Multidimensional Reflected Brownian Motions Having Exponential Stationary Distributions

Abstract

We are concerned with the stationary distribution of reflected Brownian motion (RBM) in a $d$-dimensional domain $G$. Such a process behaves like Brownian motion with a constant drift vector $\mu$ in $G$ and is instantaneously reflected at the boundary, with the direction of reflection given by a non-tangential vector field $\nu$ on $\partial G$. We consider first the case where $G$ is smooth and bounded and $\nu$ varies smoothly over $\partial G$. It is shown that the RBM has a stationary density of the exponential form $C(\mu)\exp\{\gamma(\mu) \cdot x\}$ for each $\mu \in R^d$ if and only if $\nu$ satisfies a certain skew symmetry condition.
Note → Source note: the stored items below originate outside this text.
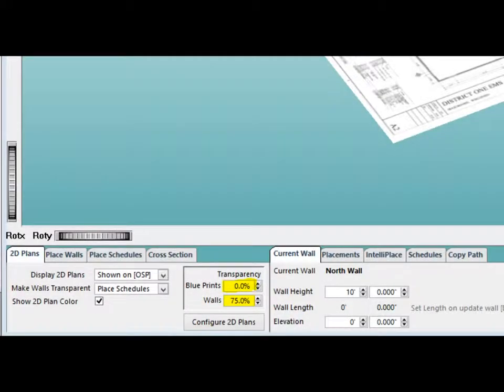To the right of this option, you can set the transparency levels of your blueprints or walls. For this project, we will set blueprints to 0% and walls to 75%. This tool becomes useful when you learn how to place openings, rebar, and vertical schedule items.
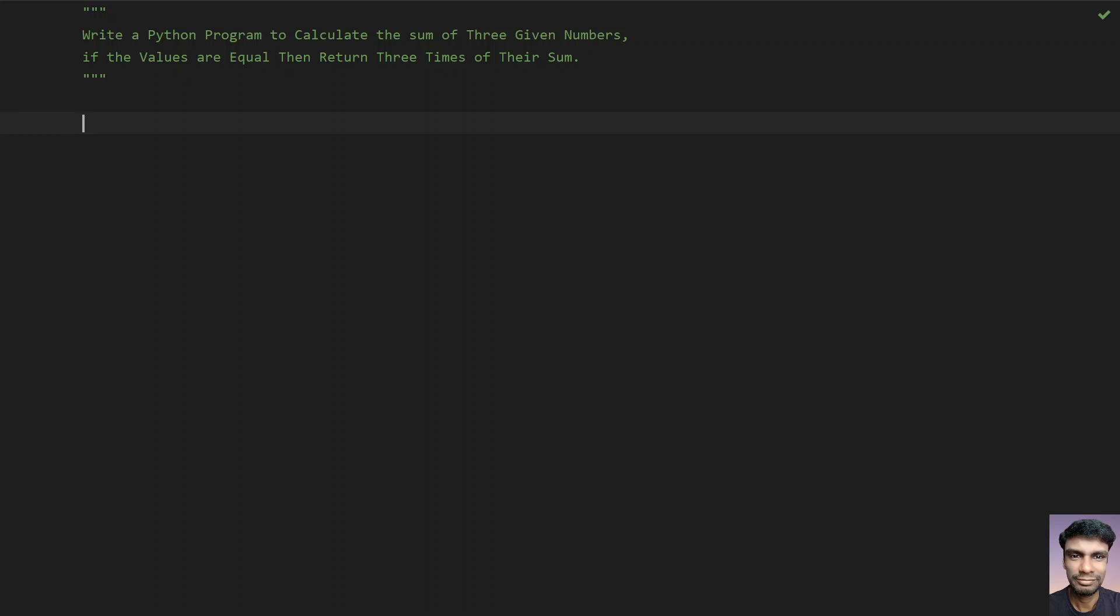Hey guys, welcome to my YouTube channel. In this video, you will learn about how to write a Python program to calculate the sum of three given numbers. So if the values are equal, then return the three times of their sum.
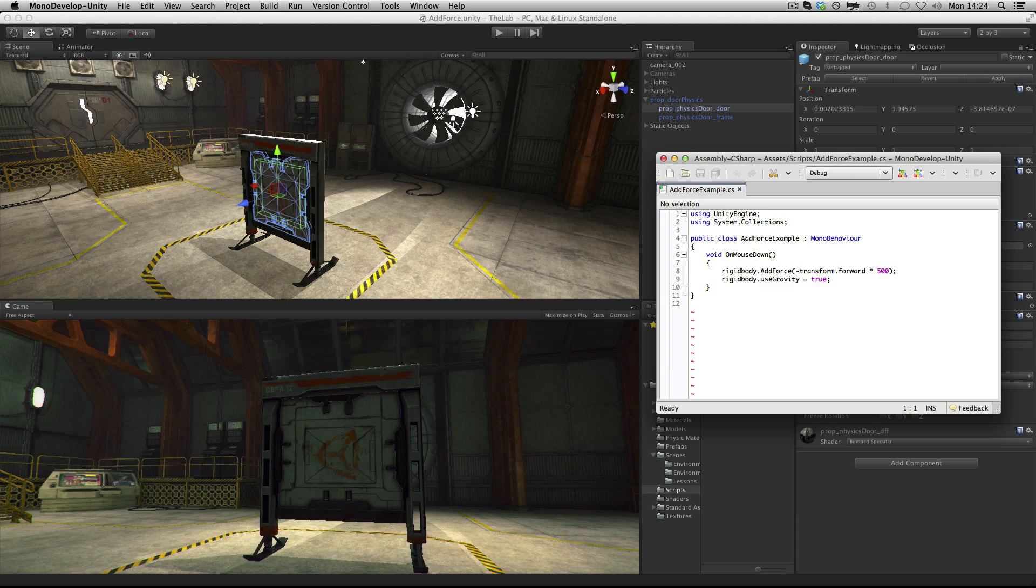The AddForce function is a function that's used to start a physics object moving or to change the speed or direction of its movement.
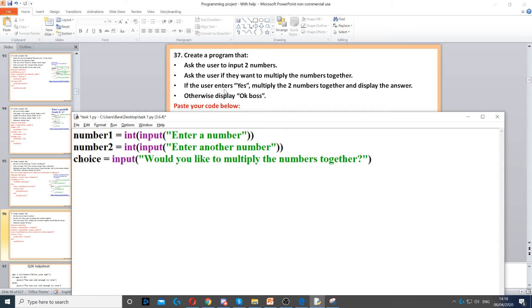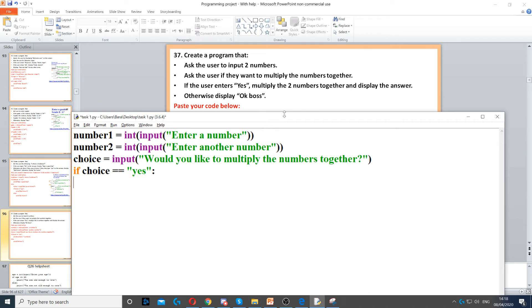Then it says if the user enters yes, so here we need to create an if statement. We put if choice is equal to yes, so if they picked yes. If they did, it says multiply the two numbers together and then display the answer. So we have to multiply the two numbers together.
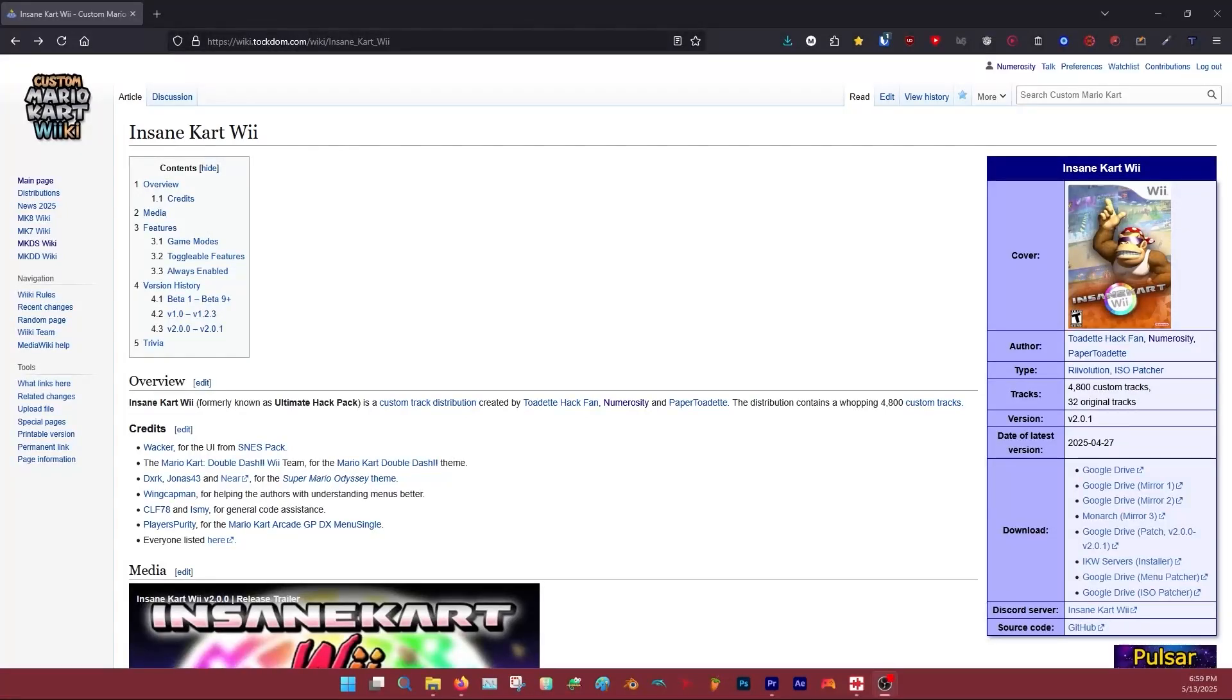First, click the first link in the description. This is the wiki page for Insane Kart Wii. There are two main options for patching your copy of Mario Kart Wii to run Insane Kart Wii: Revolution and ISO Patcher.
An explicit formula is given for $\gamma(\mu)$ in terms of $\nu$ and $\mu$. Motivated by applications in queueing theory, we next consider the case where $G$ is a convex polyhedral domain and $\nu$ is constant on each face of the boundary. Postponing for now the treatment of certain foundational questions, we work directly with a basic adjoint relation (BAR) that appears to characterize stationary distributions for a wide class of RBM's in polyhedral domains. This analytic relation is motivated by formal analogy with the smooth case and will be rigorously justified in later work. As in the smooth case, it is found that (BAR) has a solution of exponential form for each $\mu \in R^d$ if and only if $\nu$ satisfies a certain skew symmetry condition. Moreover, under a mild nondegeneracy condition, it is shown that an exponential solution exists for one $\mu \in R^d$ if and only if such a solution exists for every $\mu \in R^d$.